> Goal of the exercise
Would you please copy all of the data exactly, skipping the images?
[Material provided — start]
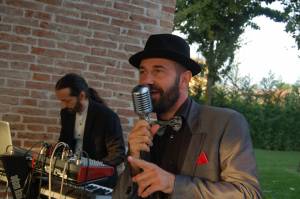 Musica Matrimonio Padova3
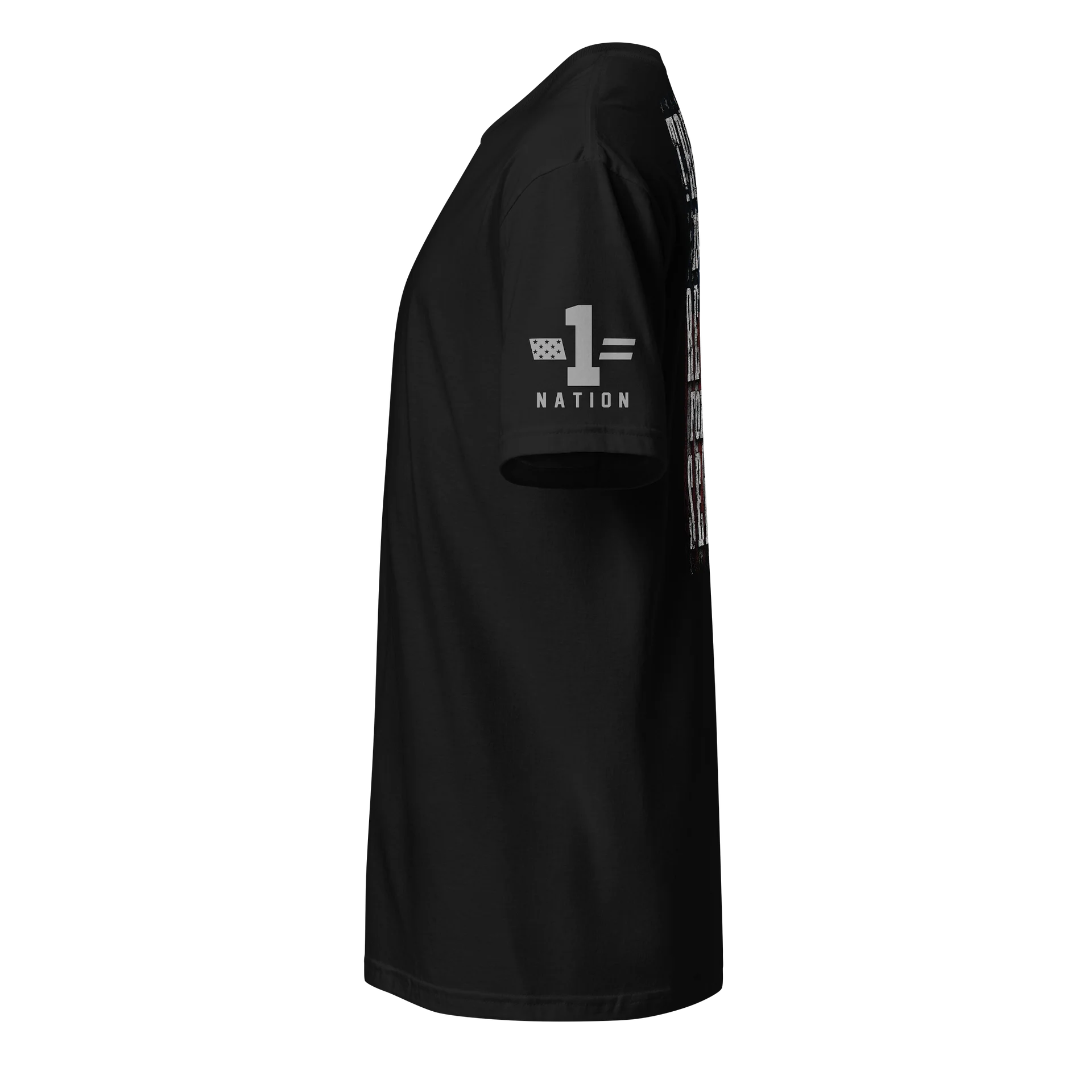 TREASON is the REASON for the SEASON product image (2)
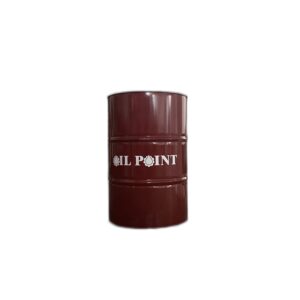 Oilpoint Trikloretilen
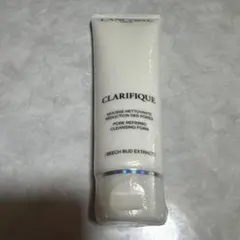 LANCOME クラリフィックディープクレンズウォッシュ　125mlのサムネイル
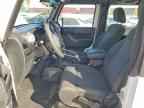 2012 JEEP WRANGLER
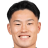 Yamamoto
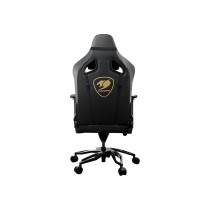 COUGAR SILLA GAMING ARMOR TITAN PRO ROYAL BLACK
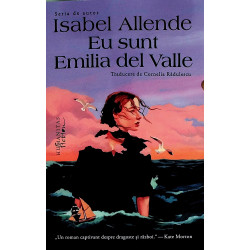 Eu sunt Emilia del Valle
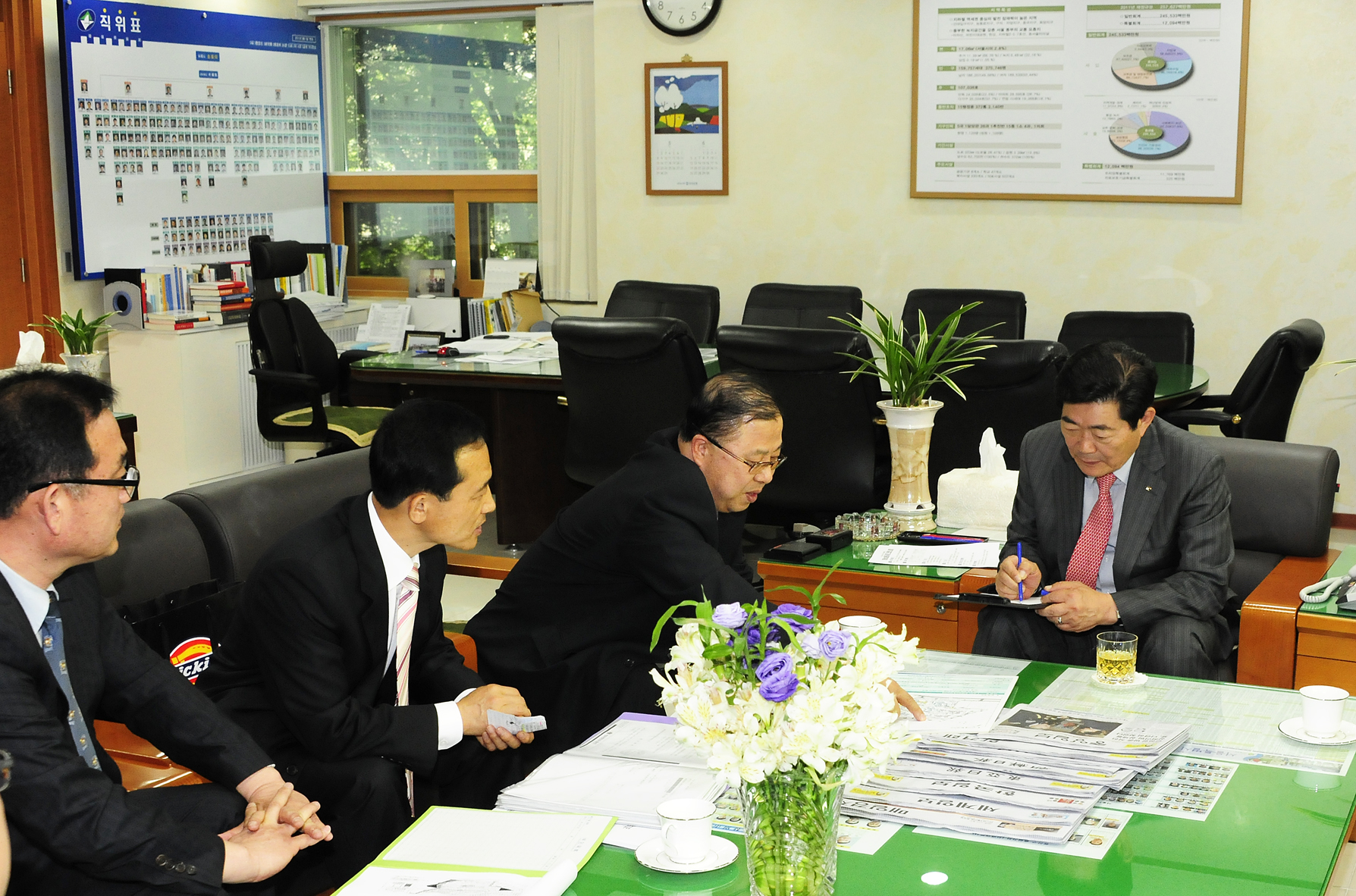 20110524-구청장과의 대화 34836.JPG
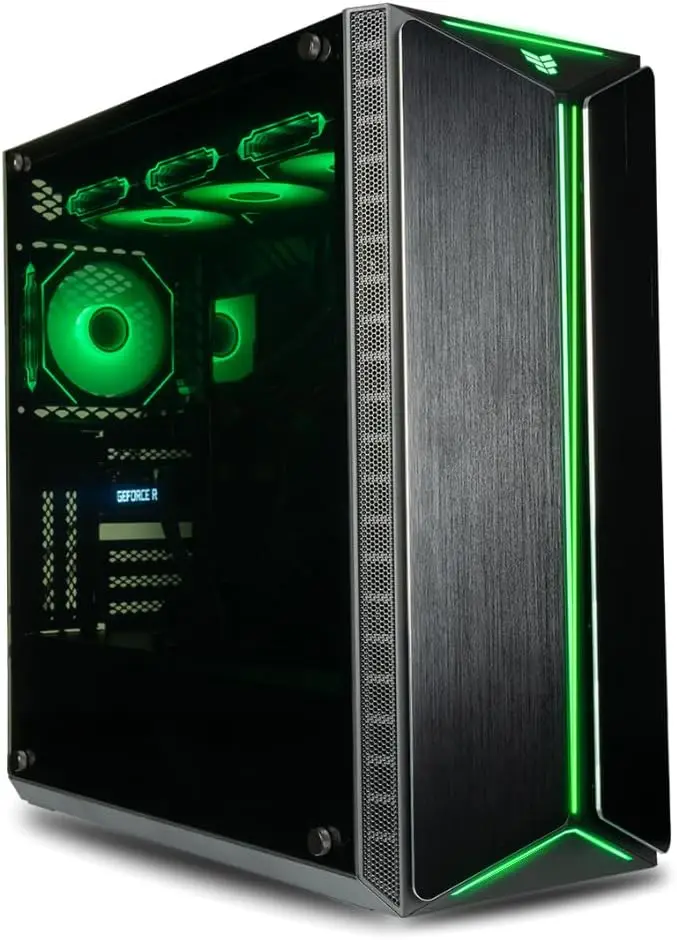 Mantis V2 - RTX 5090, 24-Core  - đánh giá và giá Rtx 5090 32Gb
[Material provided — finish]
> Answer section
 Musica Matrimonio Padova3
 TREASON is the REASON for the SEASON product image (2)
 Oilpoint Trikloretilen
 LANCOME クラリフィックディープクレンズウォッシュ　125mlのサムネイル
 2012 JEEP WRANGLER
 Yamamoto
 COUGAR SILLA GAMING ARMOR TITAN PRO ROYAL BLACK
 Eu sunt Emilia del Valle
 20110524-구청장과의 대화 34836.JPG
 Mantis V2 - RTX 5090, 24-Core  - đánh giá và giá Rtx 5090 32Gb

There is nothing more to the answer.